あれから一週間が経過したが、特別変わったことはない。夜が明けて四谷より先に目を覚ました僕は、彼の腕の下から這い出て、すぐさま服を身につけて部屋を出た。それであの件は終わりだった。終わったと──思っていた。
「はー……疲れた」
隣から聞こえてきた溜め息に、そうだね、と同調する。入院した滝口さんの仕事を割り振られたのは僕だけではない。同期の高遠もまた、当初予定していたタイムスケジュールの変更を余儀なくされ、慌ただしく仕事に取り組んでいた。

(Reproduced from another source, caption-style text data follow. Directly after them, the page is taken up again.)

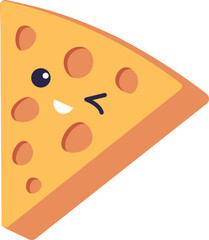 Cheese Slice with Cute Face Character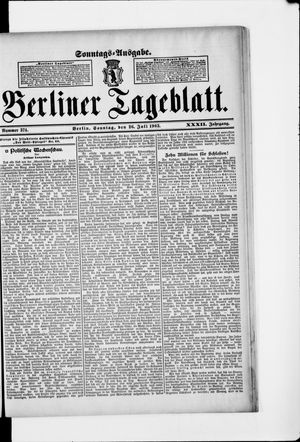 Berliner Tageblatt und Handels-Zeitung vom 26.07.1903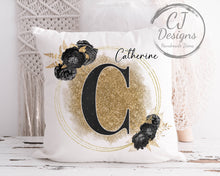 Load image into Gallery viewer, Personalised Letter &amp; Name Alphabet Cushion, Gold and Black Floral Theme | White Super soft Cushion | Personalised Gift
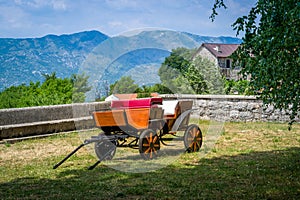 Horsedrawn carriage in Ostrog monastery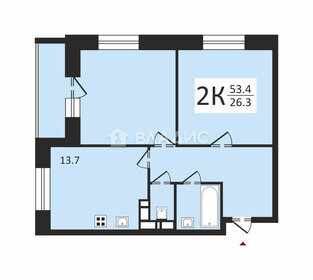 Квартира 53,4 м², 2-комнатная - изображение 1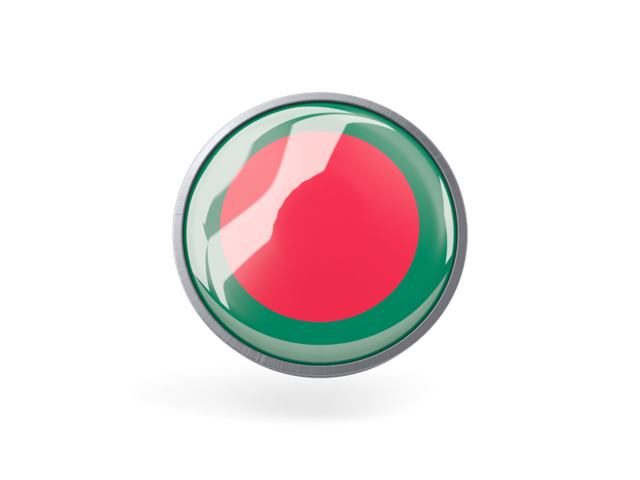 Metal framed round icon. Download flag icon of Bangladesh at PNG format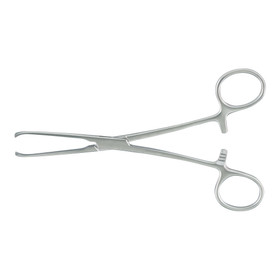 Tissue Forceps McKesson Allis 6 Inch Length Floor / Office Grade Pakistani Stainless Steel NonSterile NonLocking Finger Ring Handle Straight 4 X 5 Teeth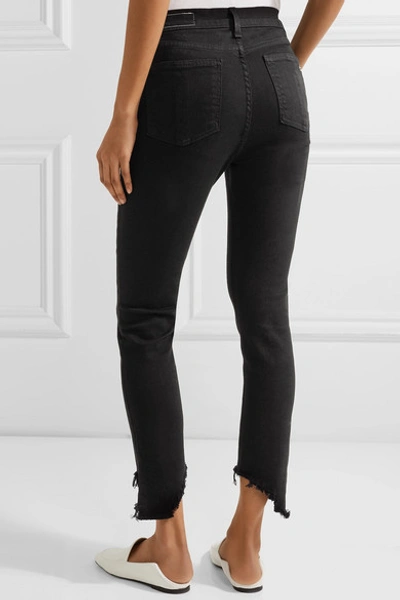 Shop Rag & Bone The Capri Cropped Distressed High-rise Skinny Jeans In Black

「雪下、今日外回りとかなかったよな。昼飯、どっかに食いに行かない?」
「あー、ごめん。午後からの打ち合わせの準備、もう少しやっときたいから」
「滝口さんのやつ?」
「そう」
「ドンマイ。何か、買ってきてやろうか」
「ううん、大丈夫。ありがとう」
財布を持って席を立つ彼を見送ってから、僕は再び資料に目を通し始めた。
僕に回ってきた案件のクライアントは、個別指導の学習塾だった。依頼内容は、オリジナルのノート、シャープペンシル、消しゴムの作成。うちの既製品から基本となるモデルを選んでもらい、外側のデザインだけ変更するセミオーダー。今日の打ち合わせでデザインのイメージまで話し合うことができれば、明日にもデザイナーに依頼が出せる。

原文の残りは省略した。